One plastiglomerate sample with an acrylates/PU/varnish matrix (PJY1-12, Fig. 4) yielded exceptionally high amounts of phthalates. Phthalates are used as plasticizers, i.e., chemicals that are added to modify the properties of plastic to make them softer or more durable. Even at low concentrations phthalates can act as endocrine disruptors in marine invertebrates, such as bivalves54. Phthalates were detected in the sediments and waters of mangrove ecosystems and can accumulate in mangrove leaves with possible effects on plant biosynthesis and human health55. Their effect on corals is still understudied, but several studies now show that phthalates are a novel, but ubiquitous contaminants in reef sediments20, coral tissue56,57,58 and even the skeleton of reef corals58. Phthalates and other persistent organic pollutants are also known to negatively impact seagrass ecosystem, e.g. by the disruption of metabolic processes24. Phthalates present in microplastic in coastal environments20, could become bioavailable to marine biota if consumed. As discussed before, charred plastic might be an important source of microplastic. This suggests that the degradation of plastiglomerate and their variants could be an important vector for the transfer of persistent organic pollutants in coral reef, seagrass and mangrove environments.

Conclusion

The remote northern beach of Panjang Island in the Java Sea shows the worldwide highest concentration of plastiglomerates and its variants described so far. The most common plastic pollution type are plasticrust, plastiglomerate, and pyroplastic. These items appear to originate from the uncontrolled burning of plastic debris on-site at the beach. Pyroplastics and many plasticrusts likely originate from the decomposition of larger plastiglomerates and form a continuous spectrum of plastic pollution types with an increasing proportion of partially melted plastic. The dominant natural component in these new types of plastic pollution is coral rubble from the close-by reef system.

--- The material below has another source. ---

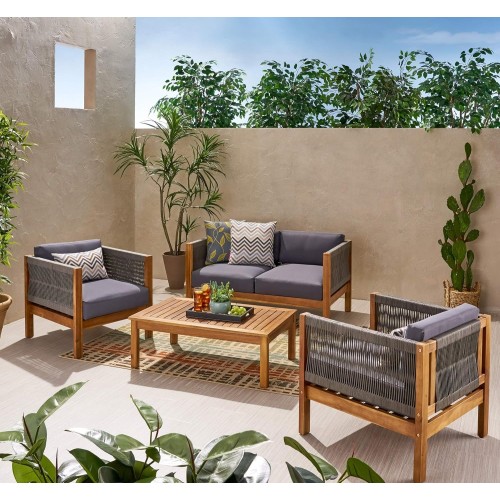 LAUREL Outdoor 4 Seater Chat Set_LOVESEAT & COFFEE TABLE & CLUB CHAIR - Teak - Acacia Wood - Teak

Due to their ubiquity in the environment, polyolefins (PP/PE) are the most common polymers in the samples studied here. However, acrylates/polyurethane/varnish and styrene-acrylonitrile, are two types of polymers that are described for the first time as a component of plastiglomerates. The FTIR-spectra of the polyolefins show bands in the 3200–3600 cm−1, 1700–1800 cm−1 and 1000–1200 cm−1 region, which are interpreted to results from thermo-oxidation by burning. This thermo-degradation leads to brittle behaviour of the most affected charred portions of the samples, which is believed to contribute to degradation and increased microplastic formation.

One sample of clastic plastitar, which consisted of plastic debris and natural material in a tar matrix, was found in the study area. Considering the intense plastic pollution and heavy traffic of oil tankers in the Java Sea, plastitar may be more common than previously realized. The clastic plastitar could pose a high risk to the marine environment because it is more mobile than the plastitar that is adhered to rock outcrops.

Most of the tested samples in this study showed high content of toxic persistent organic pollutants. The plastitar sample yielded an exceptionally high PAH concentration, while the plastic matrix of an acrylates/polyurethane/varnish sample showed very high phthalate levels. The same plastiglomerate sample also produced high PAHs, with the charred portion’s PAH concentration significantly increasing compared to the non-charred portion. Therefore, partial burning of plastic is likely generated PAHs.

The three most iconic tropical habitats are coral reefs, seagrass meadows and mangrove forests, which provide important ecosystem services. Our study area is located close to all of these habitat types. Local burning of plastic waste leads to changes in their physical and chemical properties, such as the degree of thermo-oxidative weathering and increased PAH concentrations. This could also negatively impact adjacent ecosystems. Plastiglomerates and their variants can act as a source of microplastics and as an important vector for the transfer of toxic persistent organic pollutants (POPs) to coastal habitats. These new types of plastic pollution must therefore be considered in the environmental management of tropical coastal ecosystems such as coral reefs, seagrass meadows, and mangrove forests.